The HP Envy 15-1110ea laptop is the Windows users' answer to the Apple MacBook Pro.
There’s no disguising the source of HP’s inspiration when designing the HP Envy 15-1110ea – this is the laptop for the Windows user who really wanted a MacBook Pro. It’s metallic chassis houses a similar keyboard and a large buttonless trackpad, while the display sits behind an edge-to-edge glass pane.
Things get a little different when you read the specifications, however. The HP Envy 15-1110ea gets one up on the Apple MacBook Pro with a full-HD (1920x1080) display, and offers Blu-ray playback – plus an extra pair of USB 2.0 ports – albeit using an external optical drive.
The HP Envy 15-1110ea's 1.6GHz Intel Core i7-720QM quad-core processor used here powered the Envy to a very respectable 108-point tally – just a single point below the dual-core Acer Aspire 8942G-526G64Bi.
With four cores to work with, the HP Envy 15-1110ea is in effect the most powerful laptop on test.
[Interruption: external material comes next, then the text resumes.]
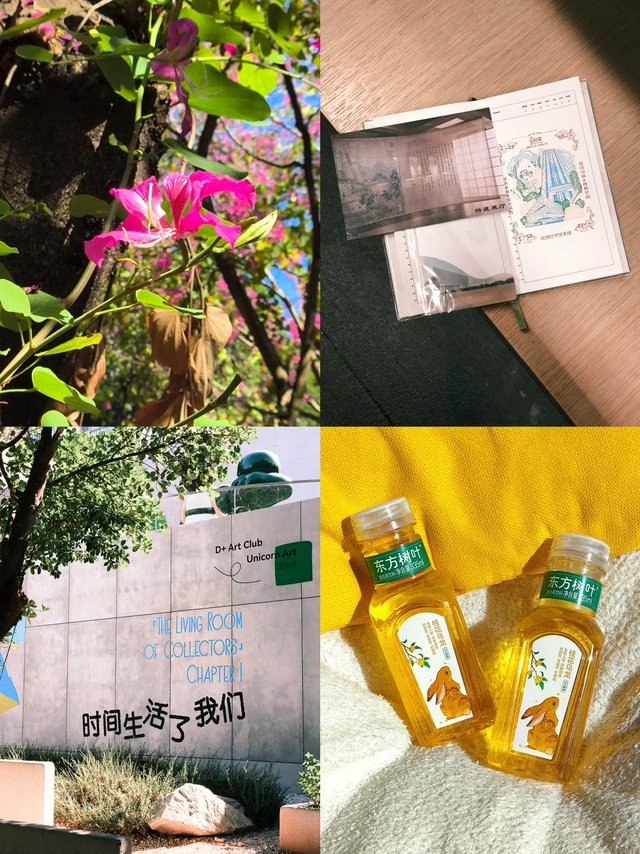 在深无桂香 幸好有这瓶秋日念想🍂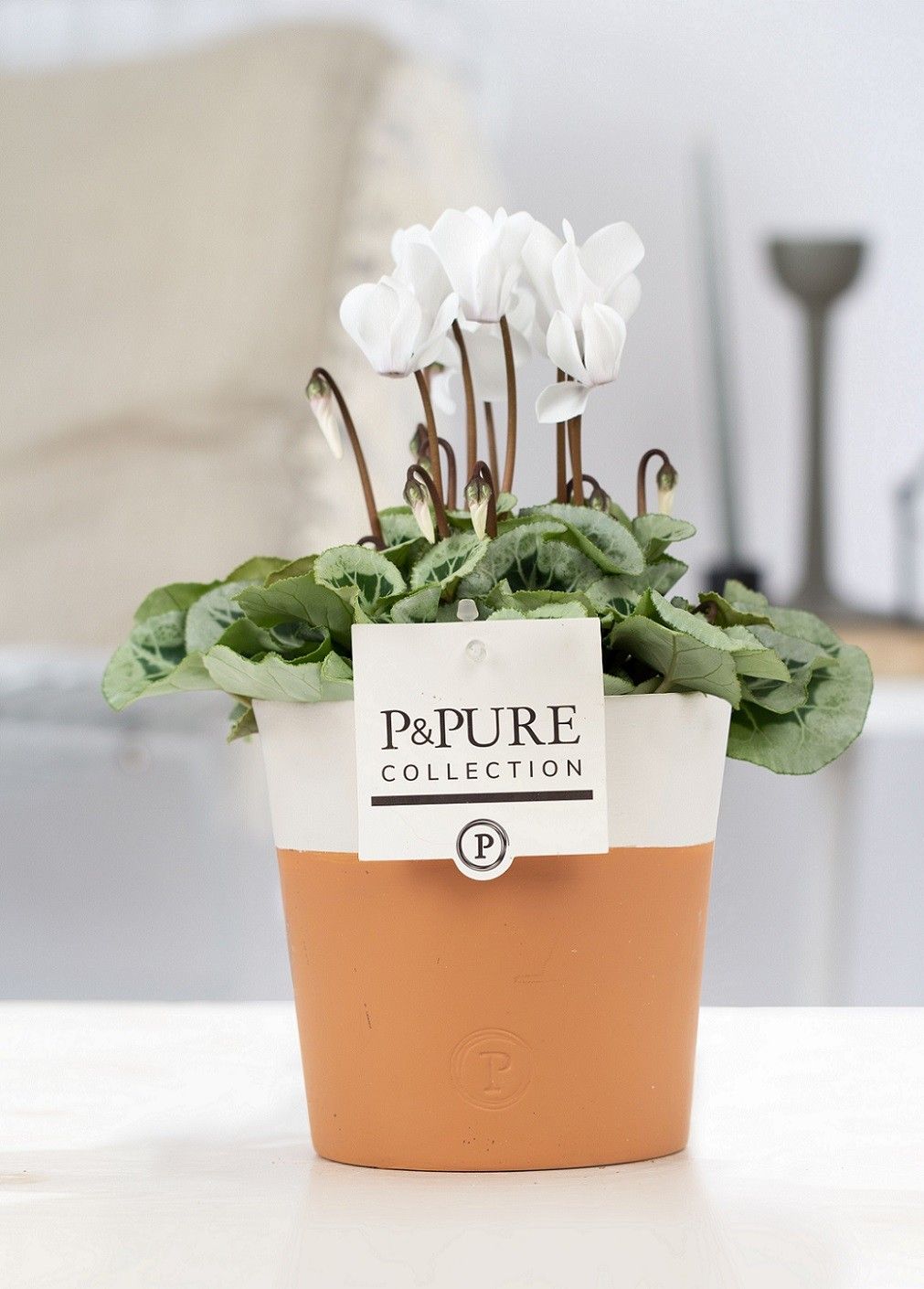 Cyclamen SS Picasso Wit Terra Cotta PC, D 13 cm Cyclamen SS Picasso Wit Terra Cotta PC, D 13 cm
HP has selected a powerful ATI Mobility Radeon HD 5830 graphics card with 1GB of video memory for its HP Envy 15-1110ea. Unfortunately, a fair amount of heat is generated as a result of this and the CPU, and this laptop gets really rather warm. This might explain the next departure from Apple’s design – extra cooling vents.
With this amount of energy being dissipated as heat, we didn’t expect to be wowed by the HP Envy 15-1110ea’s battery life result in MobileMark 2007. And we weren’t. The Envy lasted just 150 minutes, which the MacBook Pro beat by two hours even when running Microsoft Windows 7 (as we note in our review, the power-saving properties of its integrated graphics are available only when running Mac OS X).
Other premium features include high-quality sound from a pair of ‘beats’ branded stereo speakers, an infrared-assisted low-light webcam, two fast USB 3.0 ports and a combined USB 2.0/eSATA connector.